This is the second part of my data visualization journey. For this, I used the same dataset as in the previous post, which showed racial representation in Early Intervention (EI) across the U.S. I compared that data to racial representation in Oregon, using information from the same OSEP website. I combined data from 2013 to 2022 to get the most statistical power for later analysis.
First, I created a bar chart using ggplot() with the geom_bar() function.
Code
ggplot(childcount1920USOR_long, aes(x = state, y = percent, fill = race)) +geom_bar(stat ="identity") +scale_y_continuous(labels = scales::percent_format(scale =1)) +scale_fill_discrete(labels =c("American Indian")) +labs(title ="Percentage of Child Count by Race in US & Oregon",x ="State",y ="Percentage",fill ="Race") +theme_minimal()
Here is an example of how labeling can be completely inappropriate. However, I appreciate using the viridis color palette with scale_fill_viridis_d(), as it helps make colors more accessible for people with color perception differences.
Code
ggplot(childcount1920USOR_long, aes(x = state, y = percent, fill = race)) +geom_bar(stat ="identity") +scale_fill_viridis_d() +scale_y_continuous(labels =percent_format(scale =1)) +labs(title ="Percentage of Child Count by Race in US & Oregon",x ="State",y ="Percentage",fill ="Race") +geom_text(aes(label = race), position =position_stack(vjust =0.5), color ="black", size =4) +theme_minimal()

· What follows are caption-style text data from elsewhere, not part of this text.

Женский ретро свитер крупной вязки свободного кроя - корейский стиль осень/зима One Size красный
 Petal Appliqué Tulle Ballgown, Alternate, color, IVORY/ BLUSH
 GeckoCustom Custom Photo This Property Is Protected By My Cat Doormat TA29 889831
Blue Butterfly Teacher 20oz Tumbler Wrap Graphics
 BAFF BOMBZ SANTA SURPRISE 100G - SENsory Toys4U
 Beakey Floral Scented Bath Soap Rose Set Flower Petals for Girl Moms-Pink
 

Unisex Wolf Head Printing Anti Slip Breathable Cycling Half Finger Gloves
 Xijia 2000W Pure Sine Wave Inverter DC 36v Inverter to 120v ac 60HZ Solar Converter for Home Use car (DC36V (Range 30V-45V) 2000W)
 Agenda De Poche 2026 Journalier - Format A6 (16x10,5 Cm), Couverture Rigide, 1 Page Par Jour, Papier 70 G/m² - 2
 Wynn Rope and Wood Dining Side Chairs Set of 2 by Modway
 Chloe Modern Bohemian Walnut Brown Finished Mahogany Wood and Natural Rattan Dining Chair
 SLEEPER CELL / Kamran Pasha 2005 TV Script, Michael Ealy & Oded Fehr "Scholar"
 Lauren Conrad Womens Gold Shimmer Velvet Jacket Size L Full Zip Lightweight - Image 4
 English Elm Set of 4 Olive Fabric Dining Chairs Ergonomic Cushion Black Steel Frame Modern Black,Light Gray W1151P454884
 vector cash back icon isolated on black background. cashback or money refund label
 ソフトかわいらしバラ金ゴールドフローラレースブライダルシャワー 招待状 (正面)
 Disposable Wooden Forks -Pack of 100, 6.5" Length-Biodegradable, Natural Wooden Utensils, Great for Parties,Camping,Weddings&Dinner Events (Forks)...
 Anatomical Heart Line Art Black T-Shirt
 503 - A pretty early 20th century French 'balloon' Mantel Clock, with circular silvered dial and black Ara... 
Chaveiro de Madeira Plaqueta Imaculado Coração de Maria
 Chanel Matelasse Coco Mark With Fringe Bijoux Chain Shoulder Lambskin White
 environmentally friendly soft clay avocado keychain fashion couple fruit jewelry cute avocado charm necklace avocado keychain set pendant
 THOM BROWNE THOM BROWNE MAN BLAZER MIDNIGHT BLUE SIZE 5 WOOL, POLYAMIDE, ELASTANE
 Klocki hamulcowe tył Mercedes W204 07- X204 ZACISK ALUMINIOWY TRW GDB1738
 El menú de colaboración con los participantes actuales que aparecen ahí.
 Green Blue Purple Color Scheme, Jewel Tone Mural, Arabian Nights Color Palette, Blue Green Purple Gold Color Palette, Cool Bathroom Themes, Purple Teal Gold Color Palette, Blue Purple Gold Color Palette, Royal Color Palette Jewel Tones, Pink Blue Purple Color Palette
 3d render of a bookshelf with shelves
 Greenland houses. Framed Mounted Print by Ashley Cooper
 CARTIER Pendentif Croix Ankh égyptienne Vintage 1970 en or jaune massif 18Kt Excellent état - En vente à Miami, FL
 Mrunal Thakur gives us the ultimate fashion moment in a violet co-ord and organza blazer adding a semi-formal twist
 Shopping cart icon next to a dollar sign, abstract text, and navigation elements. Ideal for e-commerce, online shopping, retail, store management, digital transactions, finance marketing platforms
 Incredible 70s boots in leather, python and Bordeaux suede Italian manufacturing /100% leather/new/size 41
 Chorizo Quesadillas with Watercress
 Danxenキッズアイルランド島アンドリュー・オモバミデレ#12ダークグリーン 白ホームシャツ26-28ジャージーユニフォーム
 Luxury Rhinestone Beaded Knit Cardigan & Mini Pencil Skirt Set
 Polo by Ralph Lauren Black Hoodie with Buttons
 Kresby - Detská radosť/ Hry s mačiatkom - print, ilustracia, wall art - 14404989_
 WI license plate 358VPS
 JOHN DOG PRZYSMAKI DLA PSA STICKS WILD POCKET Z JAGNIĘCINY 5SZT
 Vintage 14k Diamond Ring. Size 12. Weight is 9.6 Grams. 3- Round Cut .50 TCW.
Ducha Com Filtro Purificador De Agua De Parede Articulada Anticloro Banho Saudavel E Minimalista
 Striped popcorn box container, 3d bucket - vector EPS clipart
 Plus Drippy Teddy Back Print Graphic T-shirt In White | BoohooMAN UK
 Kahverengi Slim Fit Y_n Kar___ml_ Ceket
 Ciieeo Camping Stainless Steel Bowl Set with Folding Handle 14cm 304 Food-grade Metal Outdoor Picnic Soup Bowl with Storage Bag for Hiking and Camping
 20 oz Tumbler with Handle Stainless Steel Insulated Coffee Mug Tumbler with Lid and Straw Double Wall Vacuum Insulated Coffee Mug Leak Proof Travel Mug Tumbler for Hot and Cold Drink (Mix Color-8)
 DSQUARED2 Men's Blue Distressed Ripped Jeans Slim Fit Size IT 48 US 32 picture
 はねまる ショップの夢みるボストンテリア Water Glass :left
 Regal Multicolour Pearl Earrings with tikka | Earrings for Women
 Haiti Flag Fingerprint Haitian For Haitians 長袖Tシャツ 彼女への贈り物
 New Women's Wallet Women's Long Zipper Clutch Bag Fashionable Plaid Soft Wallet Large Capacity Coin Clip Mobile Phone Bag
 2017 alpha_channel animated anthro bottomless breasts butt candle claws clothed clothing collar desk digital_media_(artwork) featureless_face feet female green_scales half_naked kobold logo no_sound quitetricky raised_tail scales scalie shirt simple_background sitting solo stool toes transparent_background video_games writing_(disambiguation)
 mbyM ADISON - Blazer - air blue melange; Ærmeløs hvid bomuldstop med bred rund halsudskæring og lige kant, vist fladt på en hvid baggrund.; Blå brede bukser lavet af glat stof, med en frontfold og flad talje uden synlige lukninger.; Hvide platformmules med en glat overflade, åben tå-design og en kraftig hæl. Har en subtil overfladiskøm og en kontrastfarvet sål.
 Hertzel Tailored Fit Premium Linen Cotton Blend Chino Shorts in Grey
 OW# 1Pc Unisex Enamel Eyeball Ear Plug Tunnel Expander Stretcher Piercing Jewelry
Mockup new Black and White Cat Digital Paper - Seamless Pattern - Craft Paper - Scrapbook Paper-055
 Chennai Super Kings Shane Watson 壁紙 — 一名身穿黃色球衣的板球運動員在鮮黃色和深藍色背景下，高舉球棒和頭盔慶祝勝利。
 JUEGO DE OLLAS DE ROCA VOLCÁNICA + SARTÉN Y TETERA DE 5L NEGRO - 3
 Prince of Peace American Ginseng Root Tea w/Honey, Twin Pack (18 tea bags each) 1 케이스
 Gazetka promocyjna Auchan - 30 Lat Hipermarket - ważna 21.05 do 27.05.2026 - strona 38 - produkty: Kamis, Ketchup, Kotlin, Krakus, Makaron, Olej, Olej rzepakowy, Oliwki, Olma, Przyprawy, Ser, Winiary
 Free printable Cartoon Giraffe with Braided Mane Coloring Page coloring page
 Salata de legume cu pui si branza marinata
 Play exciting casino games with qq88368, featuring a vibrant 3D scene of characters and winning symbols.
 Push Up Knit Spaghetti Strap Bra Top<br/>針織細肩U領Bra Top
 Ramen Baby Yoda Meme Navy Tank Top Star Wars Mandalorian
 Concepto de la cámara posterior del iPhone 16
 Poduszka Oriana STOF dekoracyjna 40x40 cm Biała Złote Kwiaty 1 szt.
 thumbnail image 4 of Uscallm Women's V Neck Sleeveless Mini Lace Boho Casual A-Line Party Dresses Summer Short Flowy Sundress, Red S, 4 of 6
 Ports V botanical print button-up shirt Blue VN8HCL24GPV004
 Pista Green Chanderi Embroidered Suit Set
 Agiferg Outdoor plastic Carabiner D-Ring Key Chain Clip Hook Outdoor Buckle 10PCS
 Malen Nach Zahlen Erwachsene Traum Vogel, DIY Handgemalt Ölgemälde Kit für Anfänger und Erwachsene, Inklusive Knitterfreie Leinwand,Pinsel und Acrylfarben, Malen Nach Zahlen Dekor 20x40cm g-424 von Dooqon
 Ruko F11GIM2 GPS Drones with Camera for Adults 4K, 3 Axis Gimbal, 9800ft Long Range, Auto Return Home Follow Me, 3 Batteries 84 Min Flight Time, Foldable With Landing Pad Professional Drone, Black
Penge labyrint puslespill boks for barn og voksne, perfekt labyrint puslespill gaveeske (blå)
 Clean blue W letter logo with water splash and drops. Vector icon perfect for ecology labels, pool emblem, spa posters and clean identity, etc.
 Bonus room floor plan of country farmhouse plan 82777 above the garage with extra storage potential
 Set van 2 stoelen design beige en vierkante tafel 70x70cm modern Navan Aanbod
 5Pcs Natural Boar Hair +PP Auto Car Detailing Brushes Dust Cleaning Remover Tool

I really enjoy how easy it is to play with different types of plots that ggplot() offers.
Code
ggplot(childcount1920USOR_long, aes(x = state, y = percent, fill = race)) +geom_bar(stat ="identity", position ="dodge") +scale_fill_viridis_d() +scale_y_continuous(labels =percent_format(scale =1)) +labs(title ="Percentage of Child Count by Race in US & Oregon",x ="State",y ="Percentage",fill ="Race") +theme_minimal()
So, I kept experimenting.
Code
ggplot(childcount1920USOR_long, aes(x = race, y = percent, fill = state)) +geom_bar(stat ="identity", position =position_dodge(width =0.7)) +scale_fill_viridis_d() +scale_y_continuous(labels =percent_format(scale =1), expand =expansion(mult =c(0, 0.05))) +labs(title ="Percentage of Child Count by Race in US & Oregon",x ="Race",y ="Percentage",fill ="State") +geom_text(aes(label = scales::percent(percent /100, accuracy =0.1)), position =position_dodge(width =0.7), vjust =-0.5, color ="black", size =4) +theme_minimal(base_size =14) +theme(legend.position ="bottom")
After making adjustments to show the data more clearly and accurately, here is the final version that shows the data best! Flipping the X and Y axes helps readers understand the categories more easily, and the data labels make it clearer to see the exact differences between the national data and Oregon’s data. I also assigned specific colors from the viridis color pallette for the national and Oregon’s data to maintain consistency in future visualizations.
Code
viridis_colors <-c("Oregon"="#7ad151", "US and Outlying Areas"="#414487")